> _Problem_
In the entries below, find the line with "Periwinkle Modernist City" and the line with "Parcela st. 142/14"; give again those lines and every line between them, exactly.
---
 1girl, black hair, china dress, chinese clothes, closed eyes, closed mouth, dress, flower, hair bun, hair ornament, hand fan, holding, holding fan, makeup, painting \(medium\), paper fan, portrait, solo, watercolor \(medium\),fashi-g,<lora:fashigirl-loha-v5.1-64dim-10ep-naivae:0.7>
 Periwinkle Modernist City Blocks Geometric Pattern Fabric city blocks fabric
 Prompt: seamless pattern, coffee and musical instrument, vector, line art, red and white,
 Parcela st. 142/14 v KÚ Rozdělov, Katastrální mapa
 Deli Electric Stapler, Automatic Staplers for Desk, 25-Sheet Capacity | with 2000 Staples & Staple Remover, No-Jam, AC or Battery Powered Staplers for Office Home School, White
---
> _Task solution_
 Periwinkle Modernist City Blocks Geometric Pattern Fabric city blocks fabric
 Prompt: seamless pattern, coffee and musical instrument, vector, line art, red and white,
 Parcela st. 142/14 v KÚ Rozdělov, Katastrální mapa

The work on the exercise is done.